The incident occurred in August at the Seneca Park Zoo in Rochester, New York, when Lowell, a 19-year-old male, gained access to one side of 1931-built dual cage enclosure where zoo volunteer Paul Louis was cleaning. The 300-pound orang, which had come to the zoo two years before from the Wildlife Sanctuary in Los Angeles, California, grabbed hold of Louis’ leg and wouldn’t let go as they fell out of the cage through the keepers’ door.

Louis didn’t panic. Nor did he try to escape. He calmly talked with Lowell and patted his head as they walked down a hallway and then returned to the cage, where Lowell actually helped Louis back up into the enclosure, all the while grasping the volunteer’s leg. “Paul remained amazingly calm,” said Shaunta Collier-Santos, public relations and marketing manager for Seneca Park Zoo Society.

That calm remained as Jeff Wyatt, the zoo’s director of animal health and conservation, arrived and began talking Lowell through husbandry behavior, first to determine whether to use a tranquilizer dart gun on the orangutan or to use a hand injection. As Lowell responded to all commands correctly, Wyatt said, “Give me your shoulder.” Lowell complied, and once tranquilized he released his grip on Louis. The whole episode lasted no more than 15 minutes, Collier-Santos said, and occurred in the hour before the zoo opened to the general public but after members had gained early admission. Only a couple of guests where near the orangutan enclosure at the time.

The hero was Louis, precisely because he reacted exactly as he should. “Did he ever,” Collier-Santos said. “I have to say he was so calm that it was almost unbelievable. We had folks from 911, the police and (EMTs), and we had to force him to get his vitals checked. Then we told him to go home, and he said, ‘No, I’ve got to go back and finish my work.’ He was adamant about doing his duties. And he’s still volunteering.”

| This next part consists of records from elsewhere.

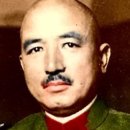 우리공방 이미지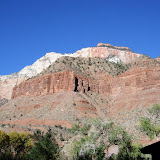 PA224784.JPG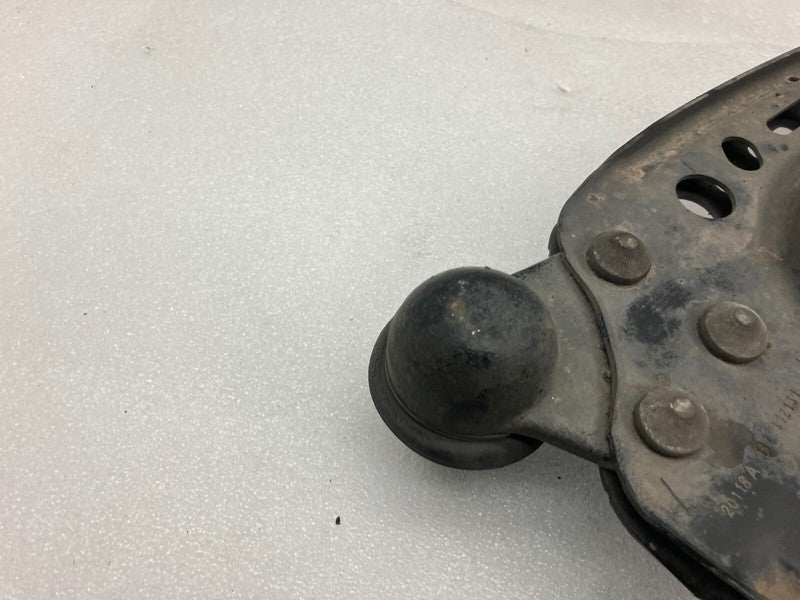 600653200A 2012-2020 Tesla Model S Front Driver Side Suspension Upper Control Arm Left LH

At the time Louis had only been volunteering at Seneca Park Zoo three months, and his reaction to the episode highlighted how volunteers need training in such protocols, though he had never himself been fully prepared for such a possibility. “There is orientation for volunteers, do’s and don’t’s, but not that in-depth,” Collier-Santos said. “We do train them on animal escape protocol, tell them what they should do. But we’ve never built any drills around that. Now we do.”

Collier-Santos said all the protocols in place for animal escapes were “followed to the letter,” though the animal didn’t escape. “We had been practicing and going through drills to prepare for animal escapes. But we’d never practiced anything with a hostage situation.”